Copied exactly and without pictures, the lines from the beginning of the entries through the one that holds "Pugilato Kit 6-in-1" should form the entire reply.

--- Supplied records Enclosed Below ---

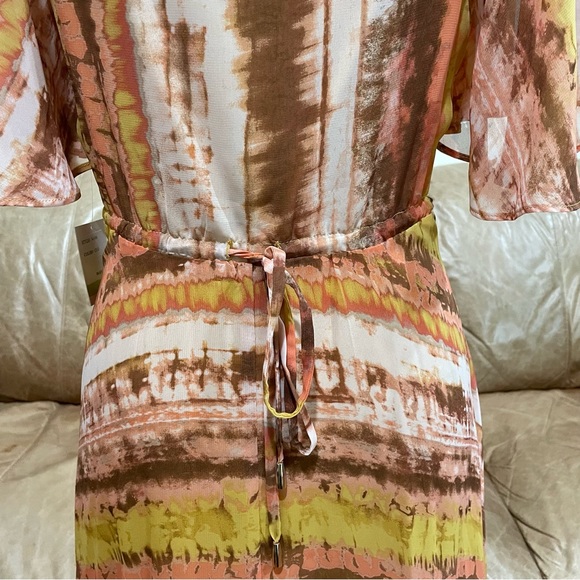 NWT Taylor Cutouts Printed Chiffon Midi Flare Dress with Waist Drawstring - Picture 6 of 13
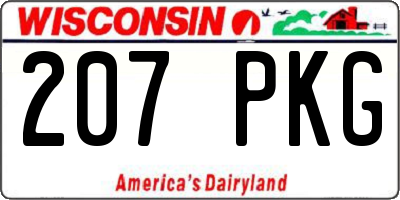 WI license plate 207PKG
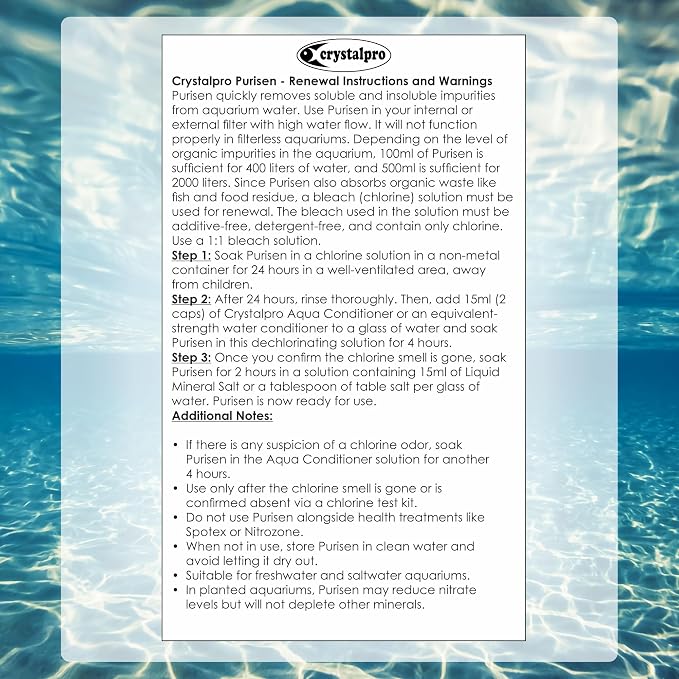 Crystalpro Purisen 100ml - Organic Waste Filtration Resin for Crystal Clear Aquarium Water - Regenerable - Fresh and Saltwater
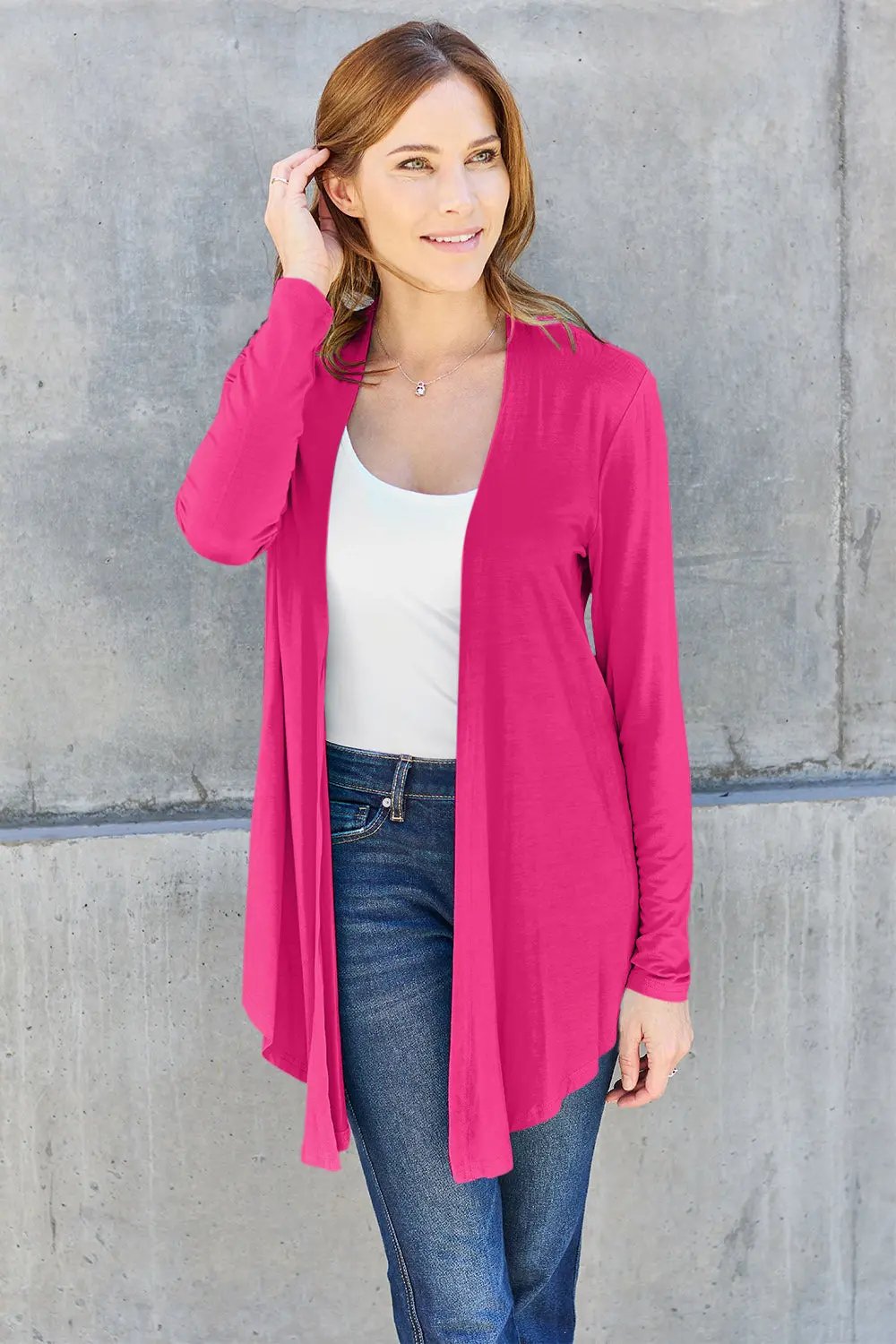 Basic Bae Full Size Open Front Long Sleeve Cardigan - Love Salve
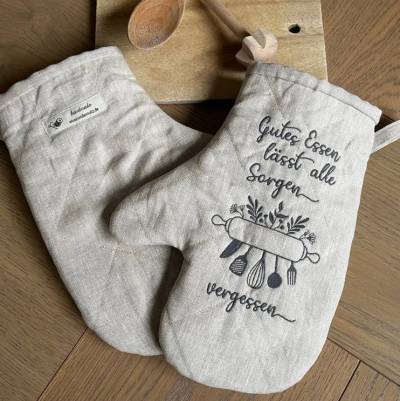 Ofenhandschuhe personalisiert, Leinen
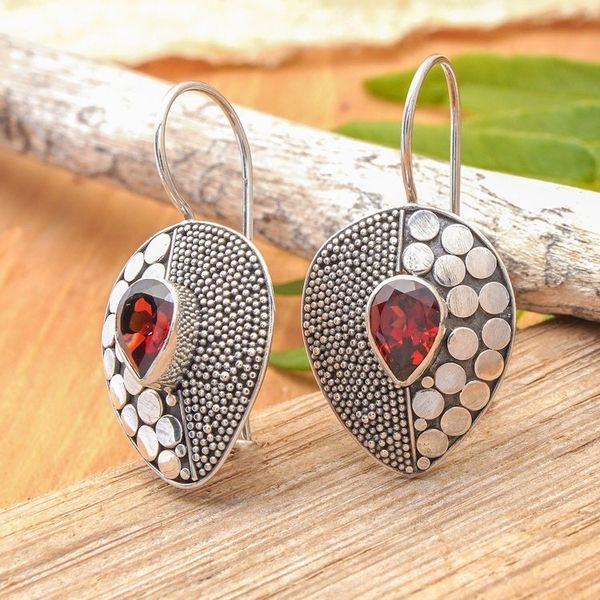 Alternate image for Fair Trade Garnet and Silver Earrings from Bali Scarlet Sincerity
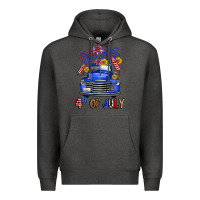 Charcoal Heather western fourth of july truck Premium Hoodie - FaDigitalArtStudio
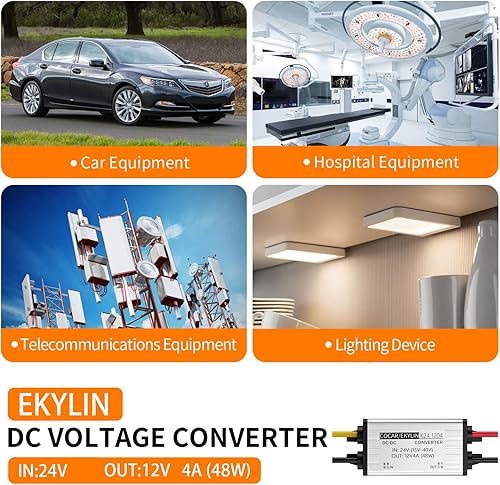 Miniatura 2 de Convertidor de CC de 24 V a 12 V, convertidor reductor 4A 48 W adaptador de fuente de alimentación para automóvil, camión, vehículo, barco, sistema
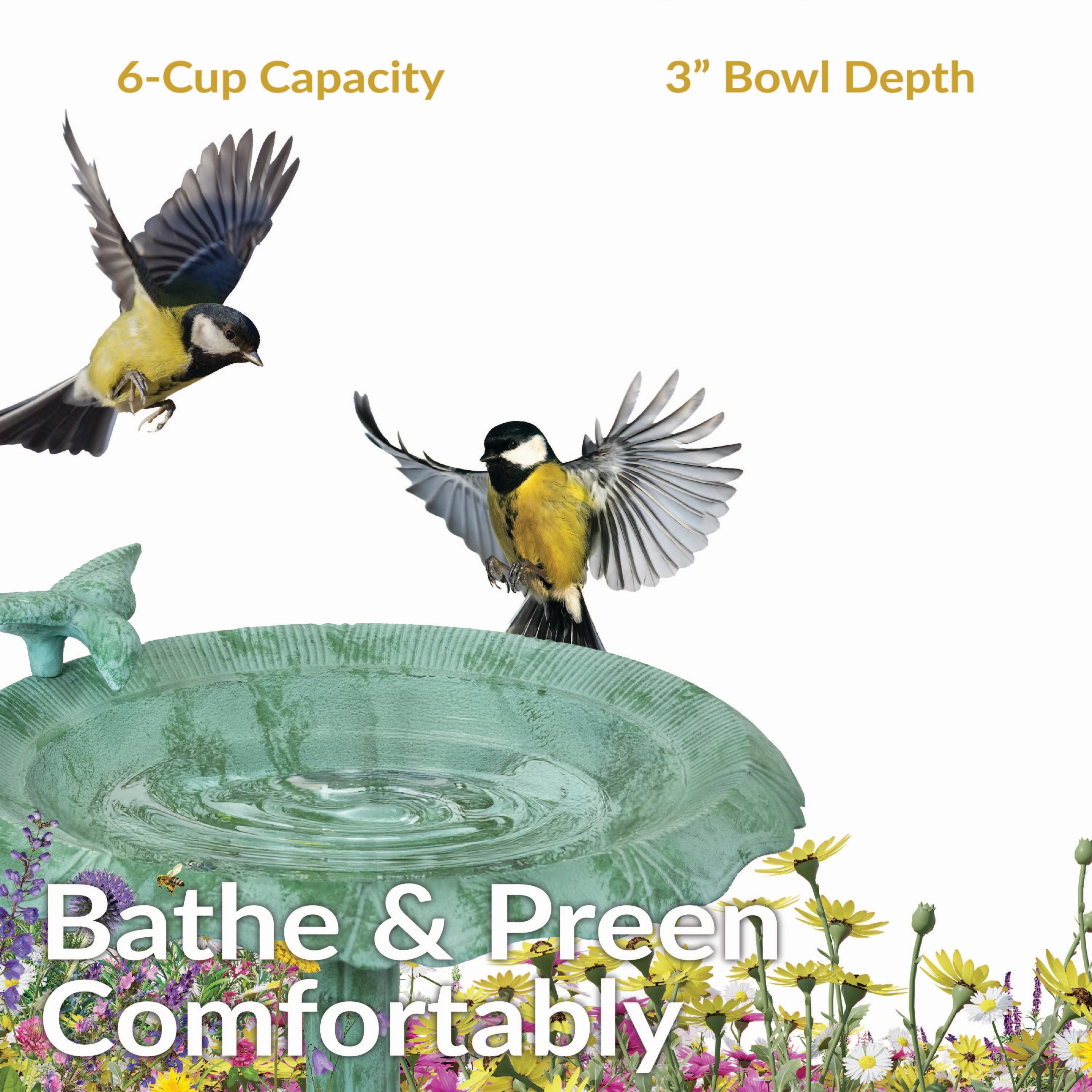 Sunnydaze Garden Visitor Metal Bird Bath - 22.75" H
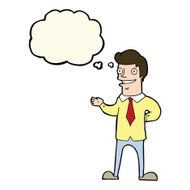 cartoon salesman with thought bubble N6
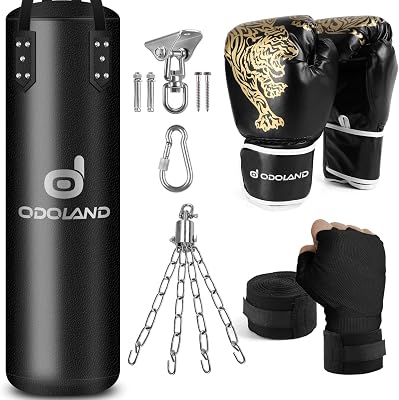 Pugilato Kit 6-in-1 per Uomini e Donne, Non Riempito Sacco da Boxe Fino a 68 kg con Guantoni da 12 Once e Bende, Catene da Appendere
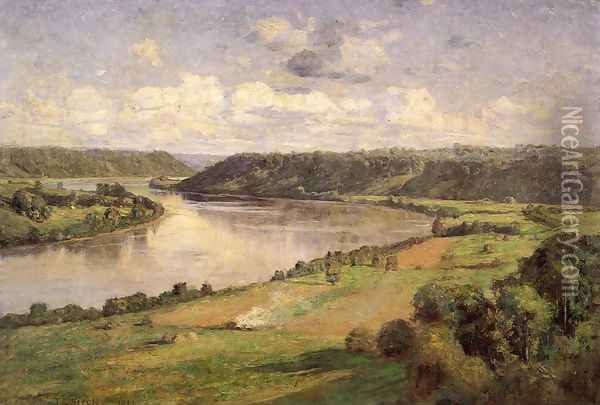 The Ohio river from the College Campus, Honover Oil Painting - Theodore Clement Steele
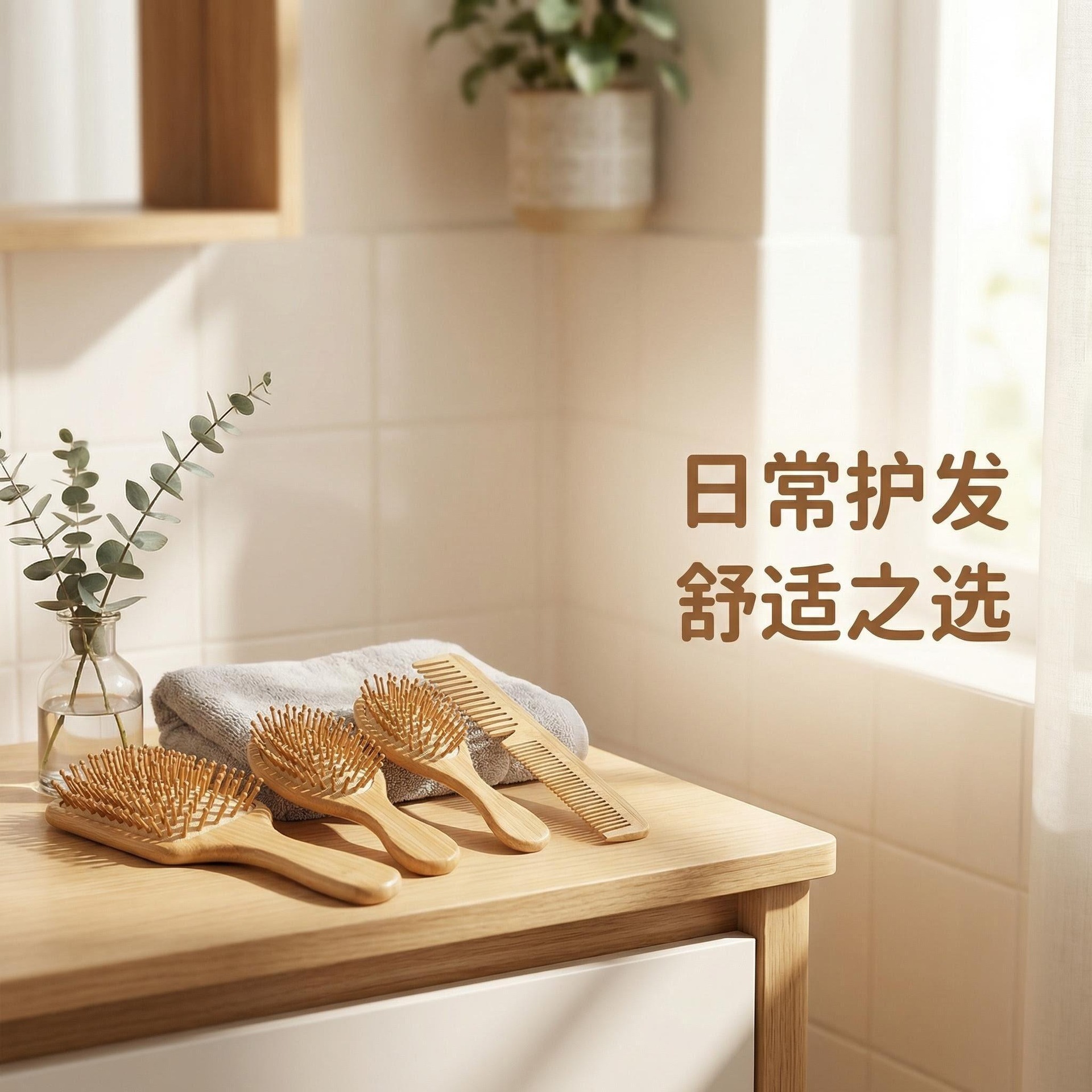 Natural Bamboo Air Cushion Hair Brush Set Wide Tooth Rat Tail Comb Anti Static Scalp Massage 20cm+ overview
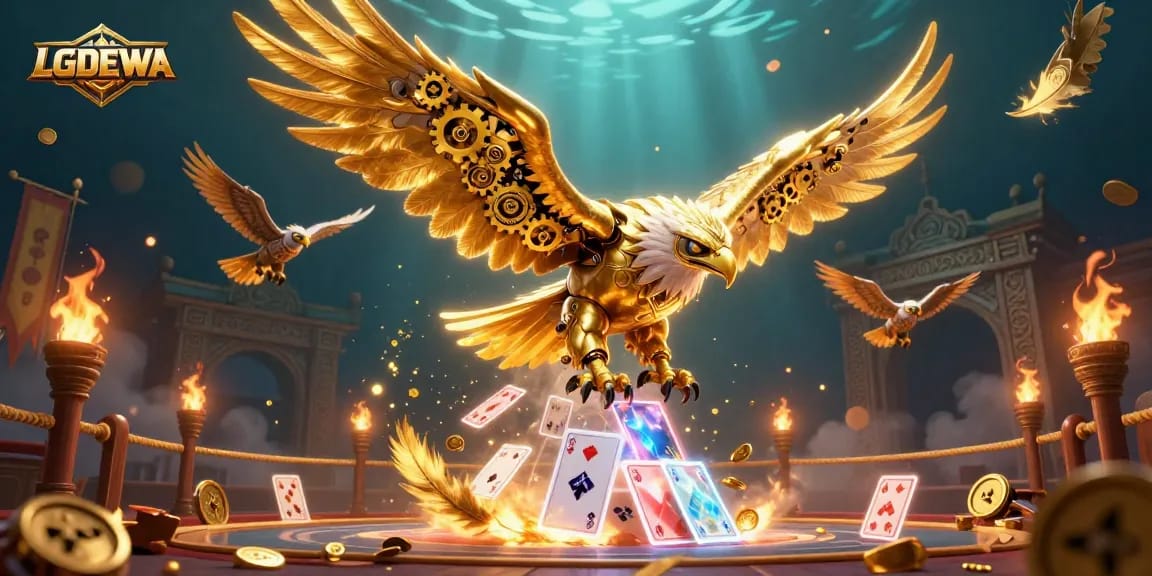 Experience the thrill of LGODEWA with a stunning 3D illustration of a golden eagle soaring through casino elements.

--- End of Enclosed Supplied records ---

Solved problem
 NWT Taylor Cutouts Printed Chiffon Midi Flare Dress with Waist Drawstring - Picture 6 of 13
 WI license plate 207PKG
 Crystalpro Purisen 100ml - Organic Waste Filtration Resin for Crystal Clear Aquarium Water - Regenerable - Fresh and Saltwater
 Basic Bae Full Size Open Front Long Sleeve Cardigan - Love Salve
 Ofenhandschuhe personalisiert, Leinen
 Alternate image for Fair Trade Garnet and Silver Earrings from Bali Scarlet Sincerity
 Charcoal Heather western fourth of july truck Premium Hoodie - FaDigitalArtStudio
 Miniatura 2 de Convertidor de CC de 24 V a 12 V, convertidor reductor 4A 48 W adaptador de fuente de alimentación para automóvil, camión, vehículo, barco, sistema
 Sunnydaze Garden Visitor Metal Bird Bath - 22.75" H
 cartoon salesman with thought bubble N6
 Pugilato Kit 6-in-1 per Uomini e Donne, Non Riempito Sacco da Boxe Fino a 68 kg con Guantoni da 12 Once e Bende, Catene da Appendere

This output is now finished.